##### SOURCE RECORDS
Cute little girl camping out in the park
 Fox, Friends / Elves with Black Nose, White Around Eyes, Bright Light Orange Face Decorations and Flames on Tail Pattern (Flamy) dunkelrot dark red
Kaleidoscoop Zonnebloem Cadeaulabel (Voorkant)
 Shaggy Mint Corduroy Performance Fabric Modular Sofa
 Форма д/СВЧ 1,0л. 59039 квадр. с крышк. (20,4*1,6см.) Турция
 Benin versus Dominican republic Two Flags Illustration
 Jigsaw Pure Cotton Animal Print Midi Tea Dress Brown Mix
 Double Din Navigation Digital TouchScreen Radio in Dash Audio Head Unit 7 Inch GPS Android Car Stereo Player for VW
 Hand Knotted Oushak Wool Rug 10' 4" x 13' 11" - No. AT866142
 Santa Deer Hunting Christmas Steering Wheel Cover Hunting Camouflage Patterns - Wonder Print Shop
##########
PROBLEM TO SOLVE:
Return the material in full, exactly as shown.

WRITTEN ANSWER:
Cute little girl camping out in the park
 Fox, Friends / Elves with Black Nose, White Around Eyes, Bright Light Orange Face Decorations and Flames on Tail Pattern (Flamy) dunkelrot dark red
Kaleidoscoop Zonnebloem Cadeaulabel (Voorkant)
 Shaggy Mint Corduroy Performance Fabric Modular Sofa
 Форма д/СВЧ 1,0л. 59039 квадр. с крышк. (20,4*1,6см.) Турция
 Benin versus Dominican republic Two Flags Illustration
 Jigsaw Pure Cotton Animal Print Midi Tea Dress Brown Mix
 Double Din Navigation Digital TouchScreen Radio in Dash Audio Head Unit 7 Inch GPS Android Car Stereo Player for VW
 Hand Knotted Oushak Wool Rug 10' 4" x 13' 11" - No. AT866142
 Santa Deer Hunting Christmas Steering Wheel Cover Hunting Camouflage Patterns - Wonder Print Shop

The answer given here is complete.